I ask you female readers out there, Has none of you ever had a fantasy about swimming with some hot guy when suddenly your top comes off, exposing your breasts in front of said hot guy?

Cheers to Frahm and the lost art of voyeurism!

-- Jason P. Tyler (entenardol@yahoo.com), March 29, 2001.


I was both a witness to two Art Frahm "moments" as well as a victim! The first was in high school, when the whole school came to the basketball court to watch the cheerleader tryouts. Yep, the poor girl jumped up and her panties went down. She screamed, and got a standing ovation. Actually the girl DID in fact make the list to an outstanding vote. Somehow I don't think that's how she wanted it...

The second was at my local technical school. The girl had to use those two walking sticks with the arm support hoops to move around. Naturally she couldn't button up her jeans all the way because she wouldn't have been able to unbutton them later. We were talking when she tried to hurry up a bit and one walking stick slipped on the waxed floor. Down she went. The fall did little for her zipper and if she wore panties they were out of my sight. However, THIS time I was right there and so I was able to do the "knight in shining armor" bit to help both her and her zipper at the same time. This was in the hallway between classes, so quite a few people saw me "copping a feel" (innocent!) as well as helping a damsel in distress.
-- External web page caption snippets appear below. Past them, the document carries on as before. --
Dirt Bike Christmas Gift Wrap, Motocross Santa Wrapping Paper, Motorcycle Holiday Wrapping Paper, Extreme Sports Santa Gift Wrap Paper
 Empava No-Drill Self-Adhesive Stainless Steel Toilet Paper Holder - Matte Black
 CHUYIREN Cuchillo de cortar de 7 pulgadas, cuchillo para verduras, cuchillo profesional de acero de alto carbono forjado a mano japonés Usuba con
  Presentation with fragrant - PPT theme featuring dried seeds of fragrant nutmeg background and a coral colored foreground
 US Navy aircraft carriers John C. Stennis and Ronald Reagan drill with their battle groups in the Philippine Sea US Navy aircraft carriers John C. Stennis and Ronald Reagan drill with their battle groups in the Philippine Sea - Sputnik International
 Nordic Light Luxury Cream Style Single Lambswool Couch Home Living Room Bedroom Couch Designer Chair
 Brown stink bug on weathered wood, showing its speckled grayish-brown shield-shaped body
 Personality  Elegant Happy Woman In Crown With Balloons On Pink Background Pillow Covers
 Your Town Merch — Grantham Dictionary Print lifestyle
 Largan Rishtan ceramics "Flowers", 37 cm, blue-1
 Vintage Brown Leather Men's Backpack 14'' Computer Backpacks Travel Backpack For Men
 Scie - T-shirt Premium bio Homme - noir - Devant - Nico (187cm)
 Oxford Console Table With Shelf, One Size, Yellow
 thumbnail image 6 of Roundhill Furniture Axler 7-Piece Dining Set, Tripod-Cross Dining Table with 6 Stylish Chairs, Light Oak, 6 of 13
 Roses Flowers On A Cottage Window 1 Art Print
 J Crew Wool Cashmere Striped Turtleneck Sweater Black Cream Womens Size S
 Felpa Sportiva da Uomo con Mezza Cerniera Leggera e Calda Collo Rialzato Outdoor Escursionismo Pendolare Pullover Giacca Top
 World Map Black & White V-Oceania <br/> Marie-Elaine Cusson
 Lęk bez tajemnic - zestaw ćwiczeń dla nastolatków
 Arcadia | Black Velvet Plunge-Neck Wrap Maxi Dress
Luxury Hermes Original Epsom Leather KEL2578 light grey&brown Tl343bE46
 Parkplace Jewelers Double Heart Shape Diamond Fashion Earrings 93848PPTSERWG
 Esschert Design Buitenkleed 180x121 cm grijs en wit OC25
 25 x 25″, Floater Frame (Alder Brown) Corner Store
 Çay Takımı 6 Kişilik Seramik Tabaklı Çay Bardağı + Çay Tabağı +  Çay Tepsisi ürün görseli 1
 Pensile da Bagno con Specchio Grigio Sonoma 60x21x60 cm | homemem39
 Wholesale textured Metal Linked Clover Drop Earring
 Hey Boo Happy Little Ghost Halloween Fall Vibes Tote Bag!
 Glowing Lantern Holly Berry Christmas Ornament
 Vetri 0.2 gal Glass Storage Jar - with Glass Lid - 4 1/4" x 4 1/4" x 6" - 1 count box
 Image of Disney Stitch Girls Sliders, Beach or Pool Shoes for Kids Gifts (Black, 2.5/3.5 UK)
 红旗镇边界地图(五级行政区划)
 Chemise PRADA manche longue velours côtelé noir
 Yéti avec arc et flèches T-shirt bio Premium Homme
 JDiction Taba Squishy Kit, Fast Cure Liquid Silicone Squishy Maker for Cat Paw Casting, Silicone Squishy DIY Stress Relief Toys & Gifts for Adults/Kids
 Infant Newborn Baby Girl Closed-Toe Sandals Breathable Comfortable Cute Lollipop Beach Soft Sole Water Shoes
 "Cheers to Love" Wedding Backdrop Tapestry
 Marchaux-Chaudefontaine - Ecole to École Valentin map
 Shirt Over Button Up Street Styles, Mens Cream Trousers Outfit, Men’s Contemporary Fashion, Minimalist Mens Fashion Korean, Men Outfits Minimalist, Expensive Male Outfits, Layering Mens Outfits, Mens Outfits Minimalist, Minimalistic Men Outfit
As for me, well I happen to be a fan of topless dancers. This one time, "Natalie" decided that since I was such a nice guy (and I am) that she would surprise me with garters and stockings as part of her outfit. Well, Natalie was good. Really, REALLY good. I was feeling good. Really, REALLY good. And then I felt air... Down there. She had hooked my [insert politically correct word here] with her garter and when she pulled back, my jogging pants followed. We both almost died laughing!